'Caravaggio - what a guy!'
David Victorious over Goliath, about 1600, by Michelangelo Merisi da Caravaggio (1571–1610), 431⁄2in by 36in, Museo Nacional del Prado, Madrid, Spain. Bridgeman Images.
Fiona Bruce says:
‘Caravaggio—what a guy! He swaggered around Renaissance Italy gambling, womanising, drinking and brawling. If he wasn’t already in trouble, he went looking for it. After he committed murder and was badly attacked himself, he become a nervous wreck, always on the run and in constant fear for his life; he died, perhaps inevitably, in mysterious circumstances. But although his private life was chaotic, his painting was a thing of sublime beauty. Here, David’s face alone would be enough to merit greatness, his profile in shadow heart-breakingly tender as he braces his left knee on the body of Goliath’
Fiona Bruce is a journalist, newsreader and the presenter of the BBC’s Antiques Roadshow and Fake or Fortune?
John McEwen comments:
Caravaggio derived his name from the town his family escaped to from a plague in Milan. As a 13-year-old orphan, he returned to Milan to begin a four-year apprenticeship with Simone Peterzano, a former pupil of Titian. He learned to paint in oils directly from the subject in the Venetian style and local Lombard painters may have formed his taste for simplicity and naturalistic detail derived from Germanic art, at odds with the optical pretensions and humanist secularity of roman Mannerism.
Caravaggio arrived in rome, apparently penniless, in 1592 and found work with the Pope’s favourite artist, giuseppe Cesari. It was fortuitous that his life coincided with the Catholic Church’s demand for more stringent, doctrinal art to counter the Protestant reformation. His simple and dramatic style translated Catholic beliefs in the stark and easily understood manner ideally, if sometimes shockingly, well-suited to Counter-Reformation requirements. His fame grew after his first public commissions in 1600.

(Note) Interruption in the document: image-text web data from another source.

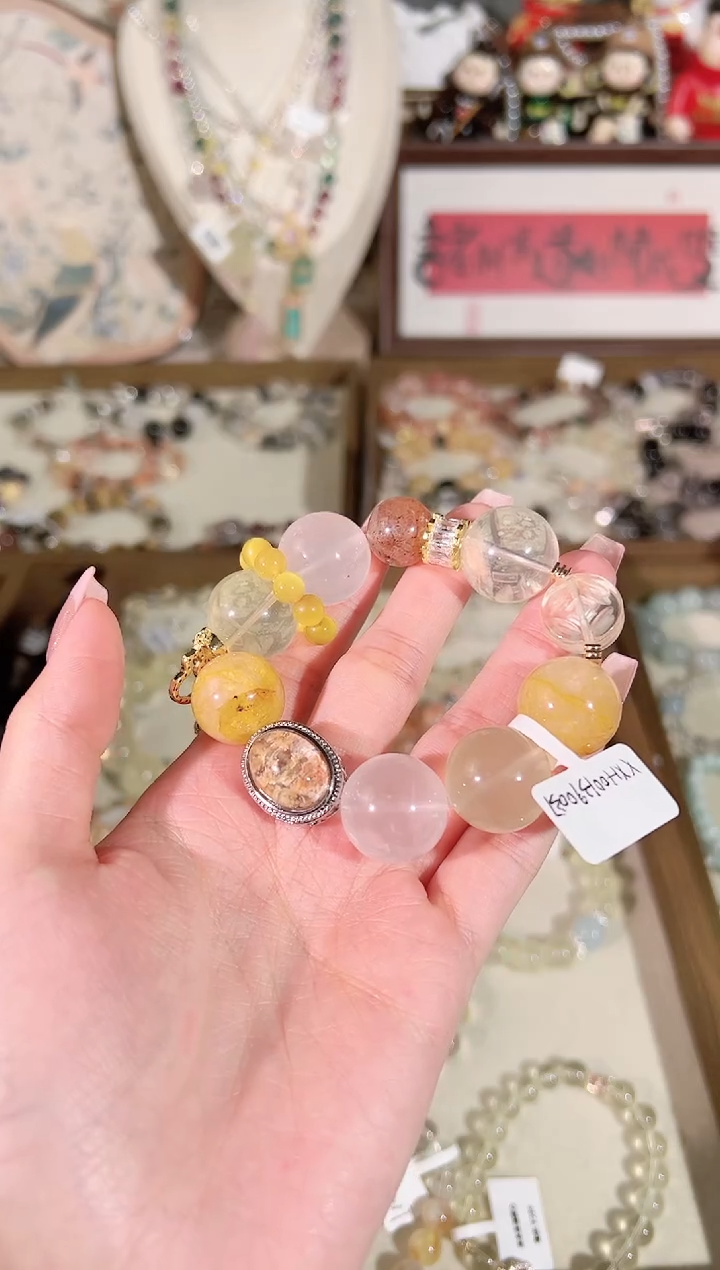 【闪购商品】水晶手链未镶嵌天然水晶 多样性发货发其一 颜色微差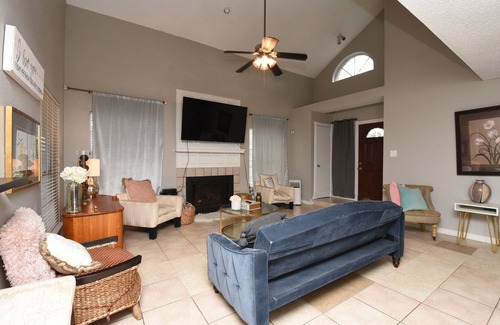 Atascocita House | Charming Home Near IAH, Minutes from Malls!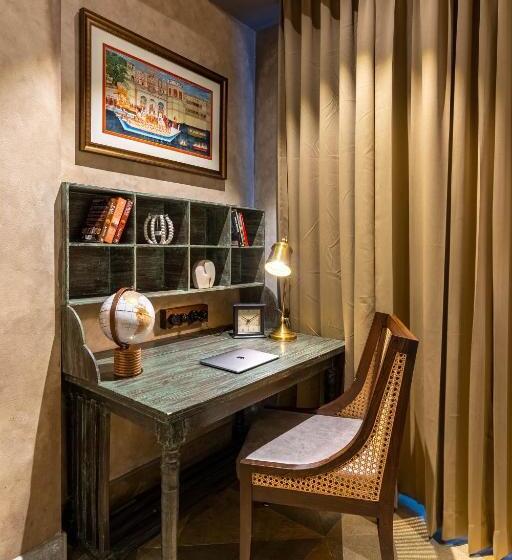 Suite Letto King, Historia Royal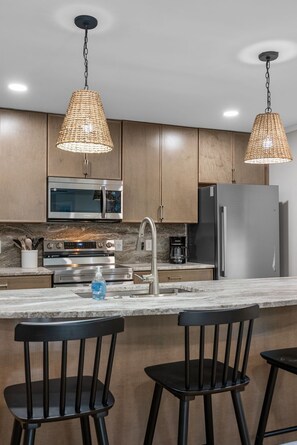 Fridge, microwave, oven, stovetop - Spacious|Close to DT|5 BDRM|4BA|PetsOK (Greenville)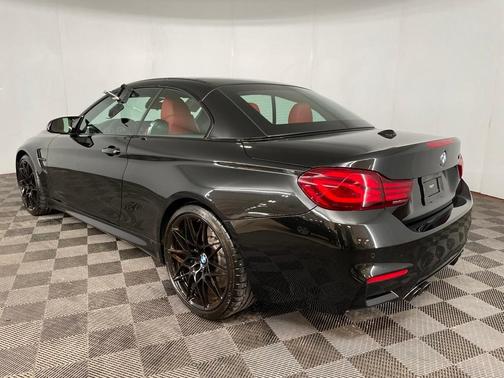 Photo 3 of 32 of 2020 BMW M4 Base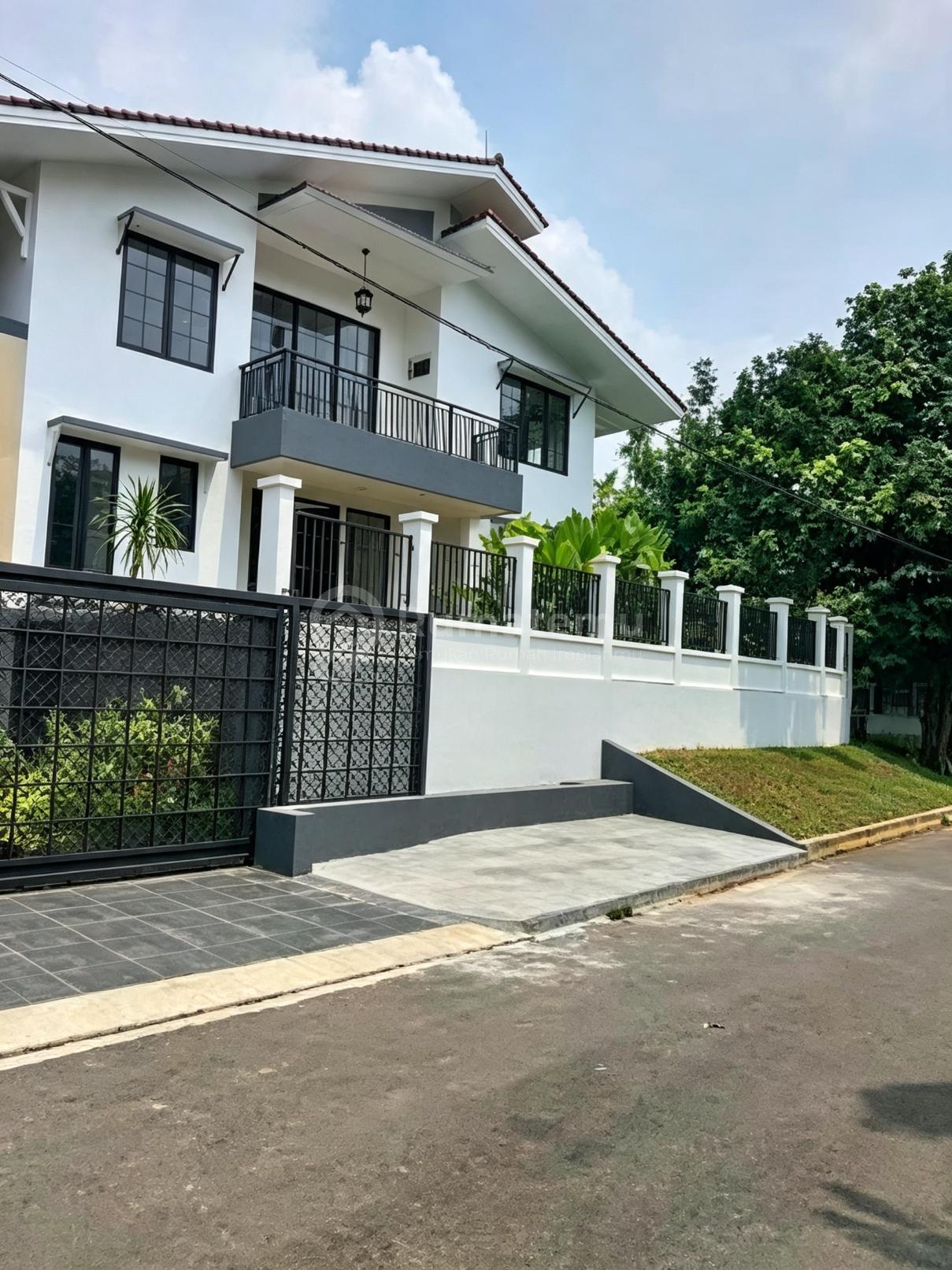Rumah Hook Mewah Siap Huni Di Pondok Indah Ada Swimming Pool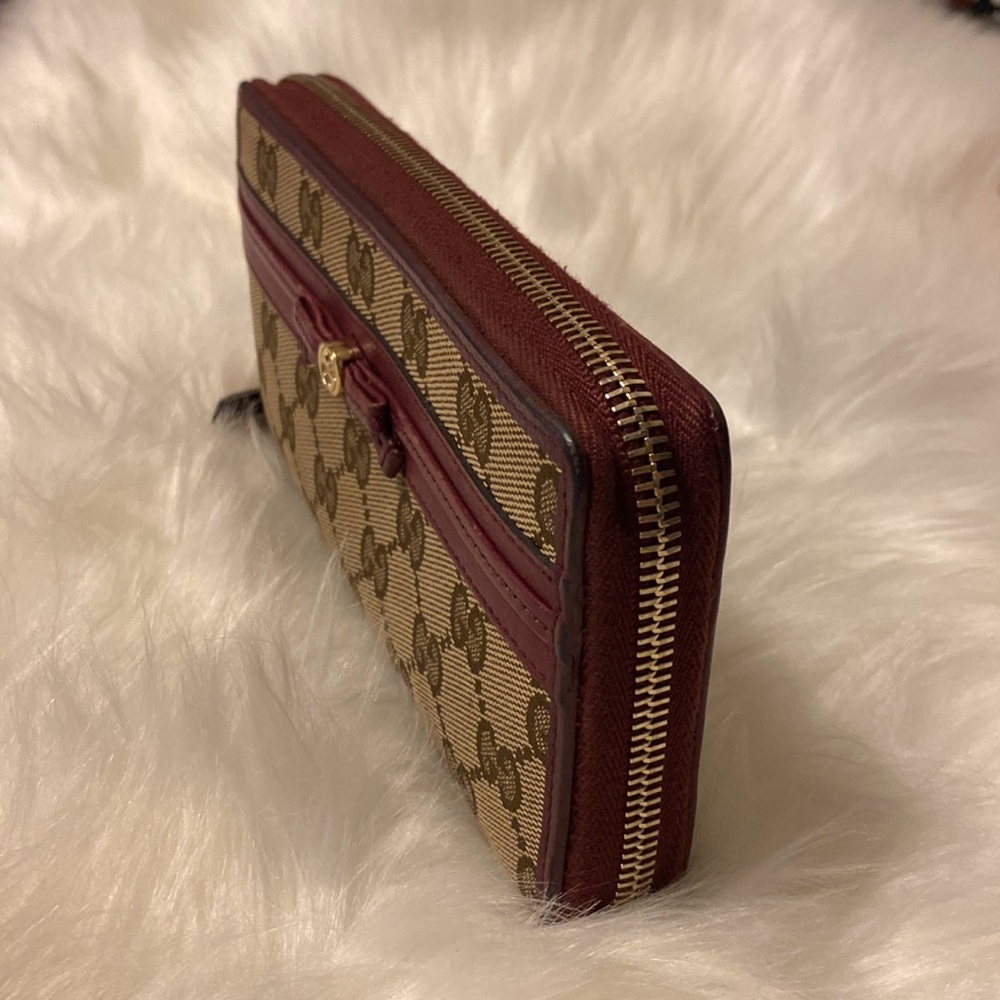 Authentic Gucci Long Zipper Wallet - Picture 6 of 10
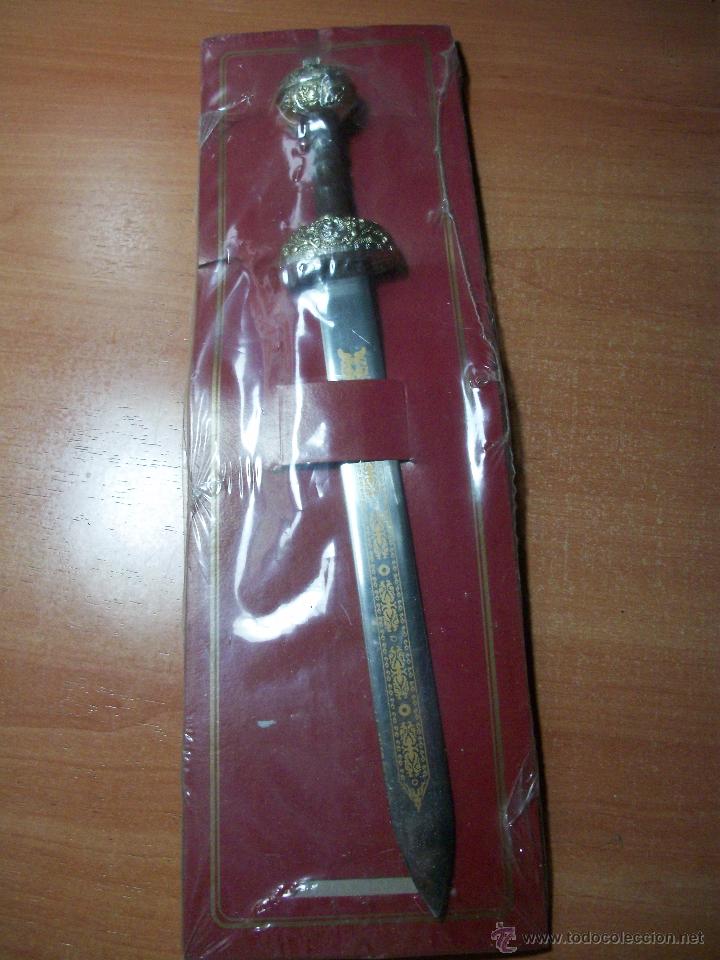 Military Antiques: Reproducci&oacute;n arma antigua.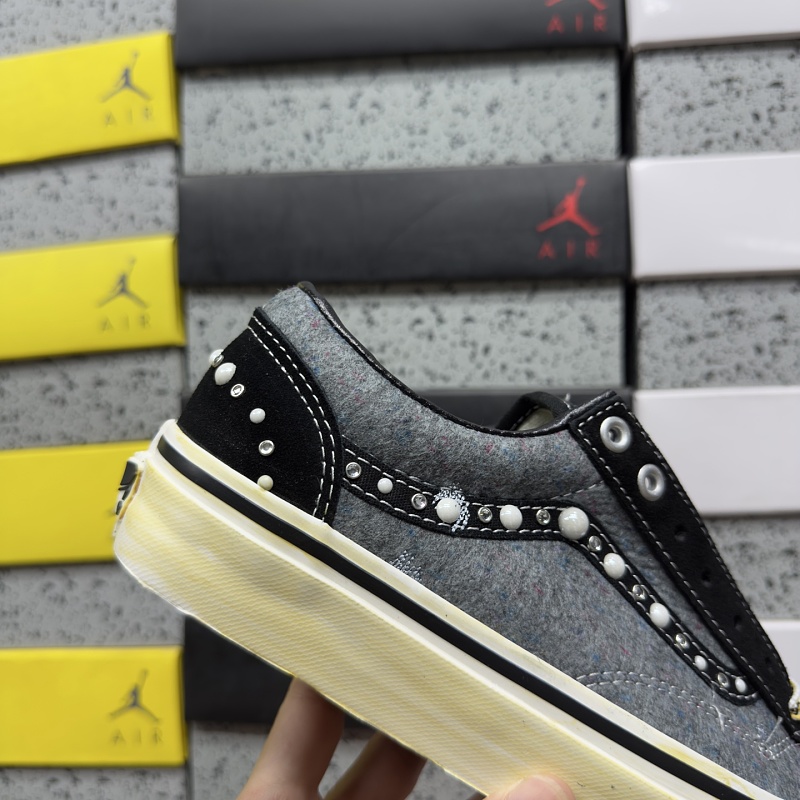 Old Skool 36 Vn000dc0fng · 6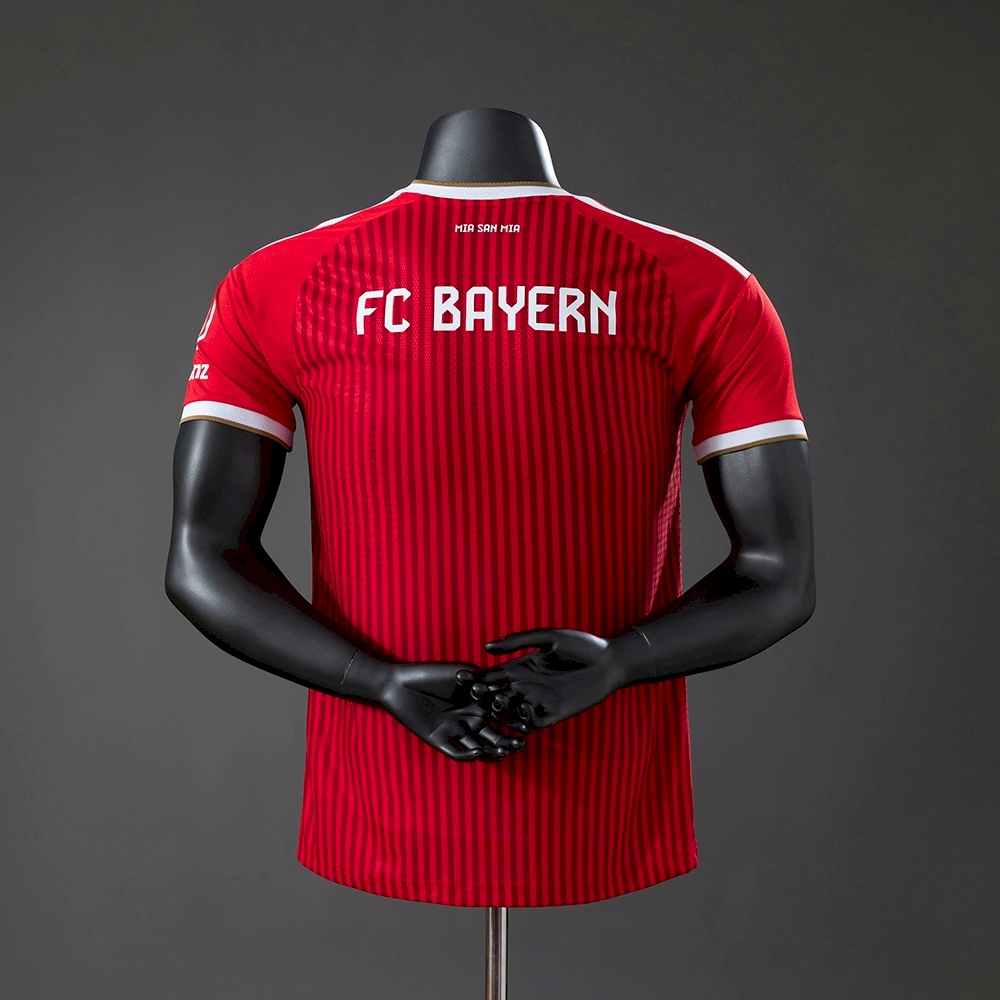 Bayern Munich home 26 - 27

He made three paintings of David and Goliath. This is the earliest, painted for the most important of his initial roman patrons, Cardinal Francesco Maria del Monte. Not long after it was finished, it was sent to Spain, where it had a considerable artistic influence. It conforms to the need for scriptural accuracy boldly stated, illustrating the verse in which Goliath’s conqueror, the Israelite boy David, took the felled giant Philistine’s sword ‘and slew him, and cut off his head therewith’ (I Samuel, 17.51). It can equally be seen as a metaphor of the renewed Church militant. Its grisly relevance to events today is all too apparent.